* _The task_: Starting with the line with "Green granite on" in the entries below and going on through the line with "Sweethouse Pula Villa", output every line exactly and nothing more. No pictures.

* _Available data_:
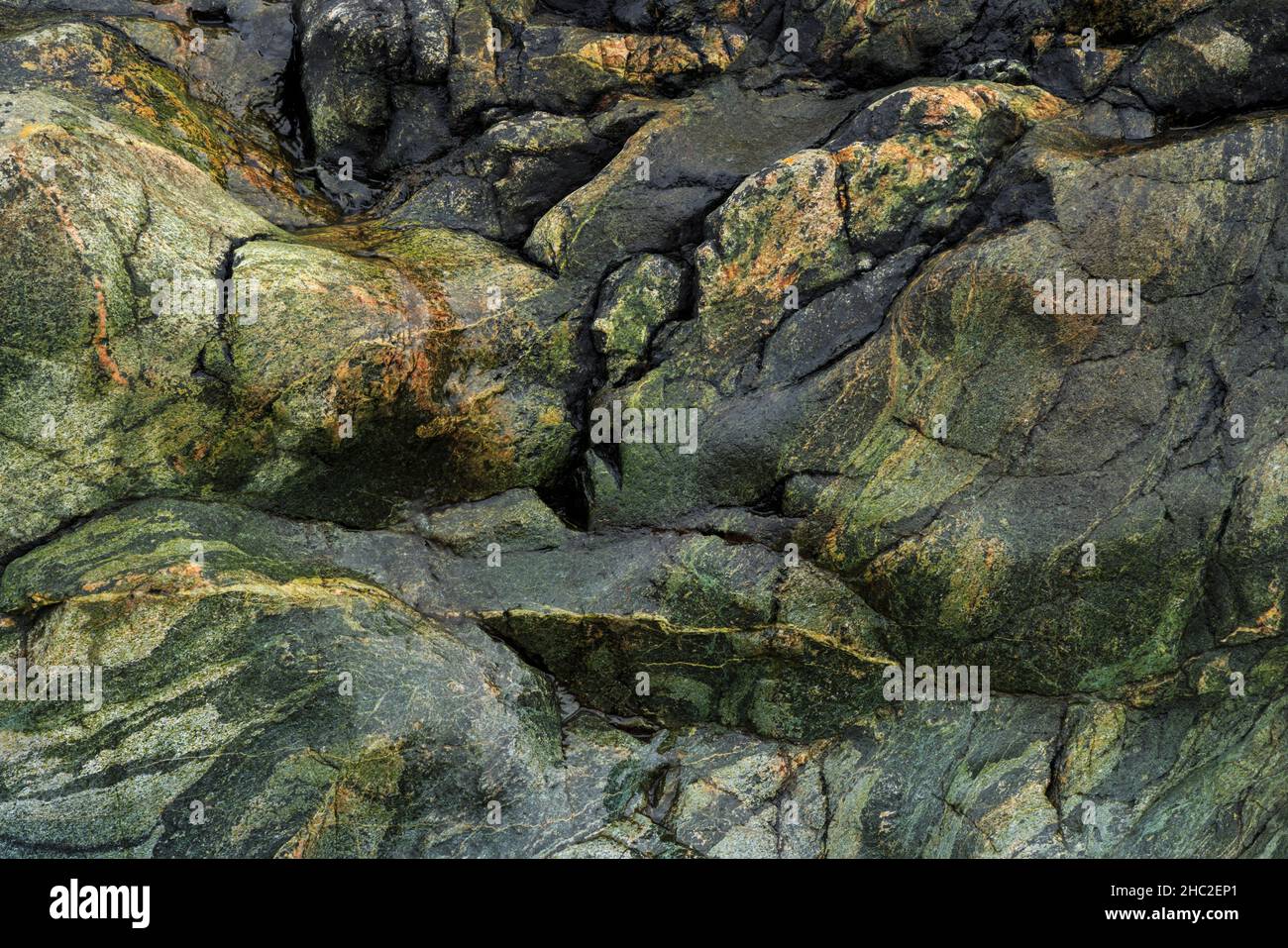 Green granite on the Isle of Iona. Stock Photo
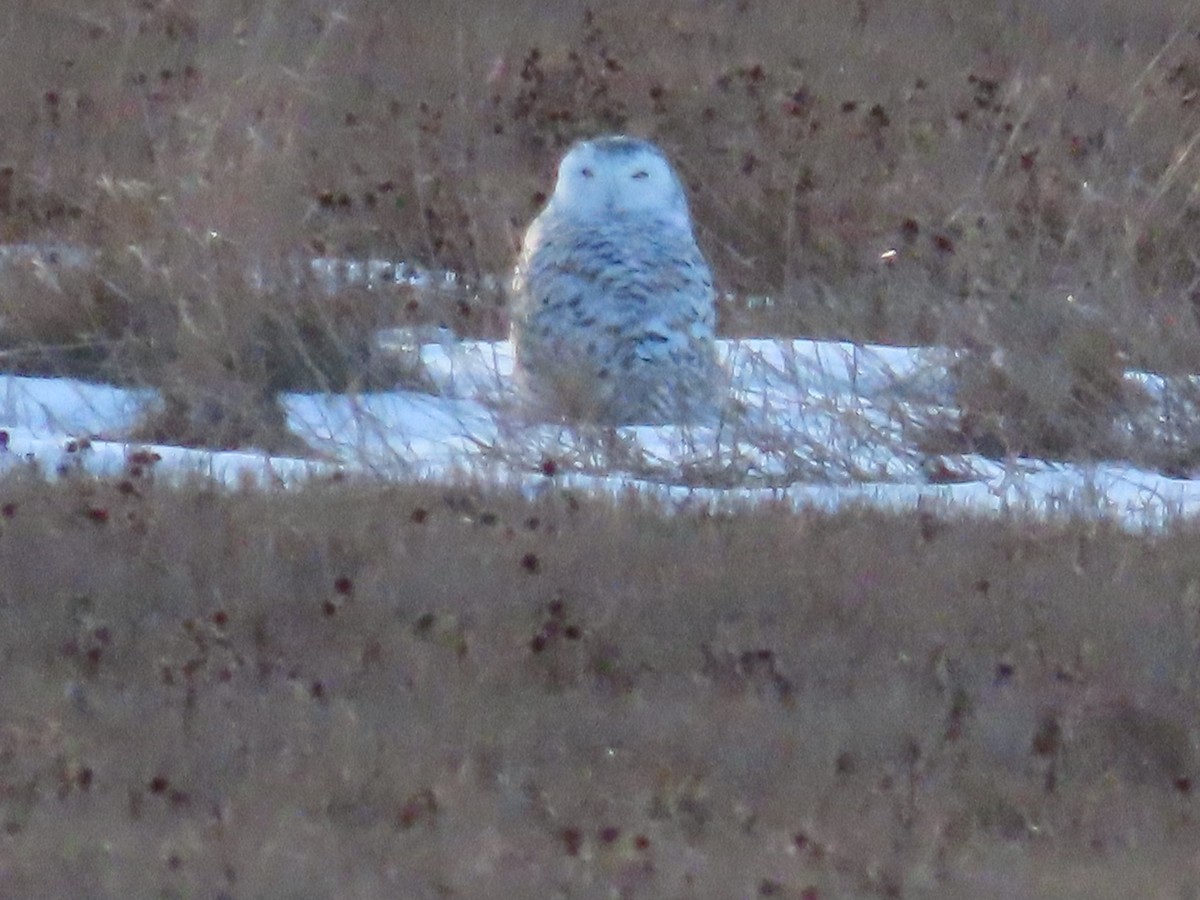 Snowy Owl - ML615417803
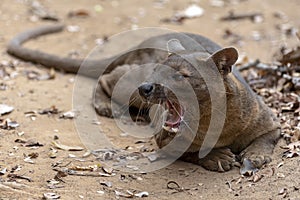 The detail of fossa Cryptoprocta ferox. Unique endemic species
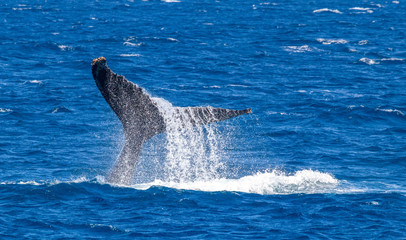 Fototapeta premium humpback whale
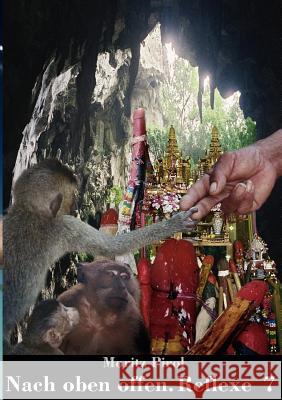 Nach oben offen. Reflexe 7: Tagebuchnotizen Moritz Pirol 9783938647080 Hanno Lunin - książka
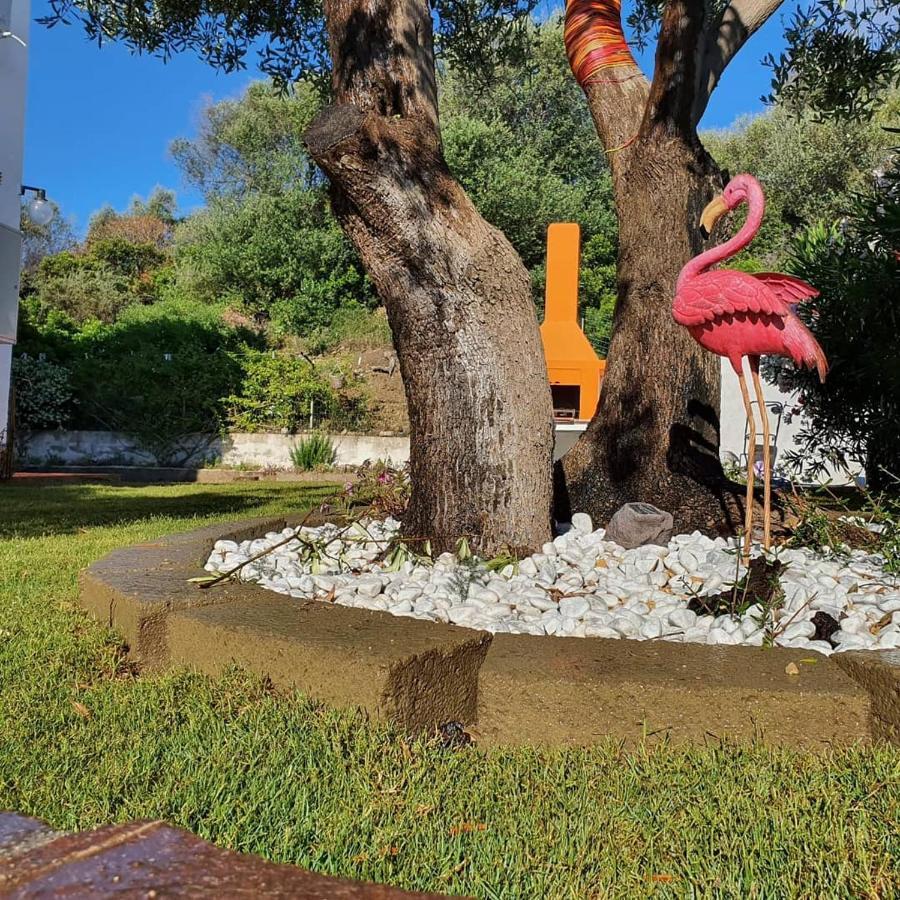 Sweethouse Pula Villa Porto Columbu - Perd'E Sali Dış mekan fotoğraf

--

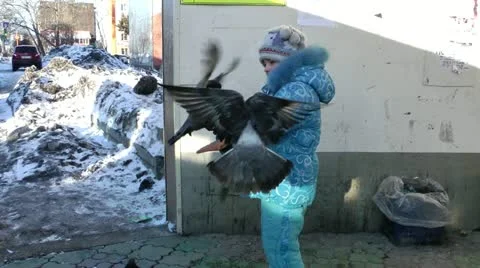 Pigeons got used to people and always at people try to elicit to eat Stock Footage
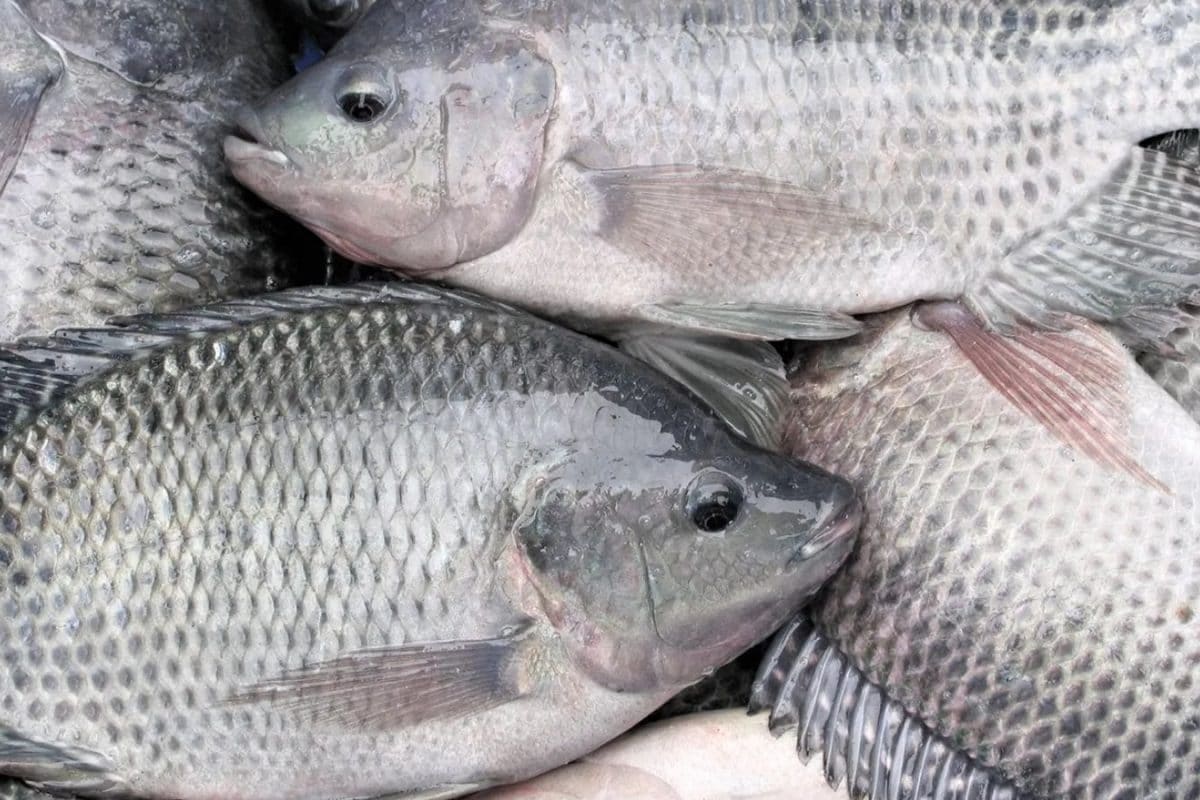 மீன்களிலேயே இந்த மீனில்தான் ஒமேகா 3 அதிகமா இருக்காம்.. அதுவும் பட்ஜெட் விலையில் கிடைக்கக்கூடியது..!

* _Problem solution_:
 Green granite on the Isle of Iona. Stock Photo
 Snowy Owl - ML615417803
 The detail of fossa Cryptoprocta ferox. Unique endemic species
 Fototapeta premium humpback whale
 Nach oben offen. Reflexe 7: Tagebuchnotizen Moritz Pirol 9783938647080 Hanno Lunin - książka
 Sweethouse Pula Villa Porto Columbu - Perd'E Sali Dış mekan fotoğraf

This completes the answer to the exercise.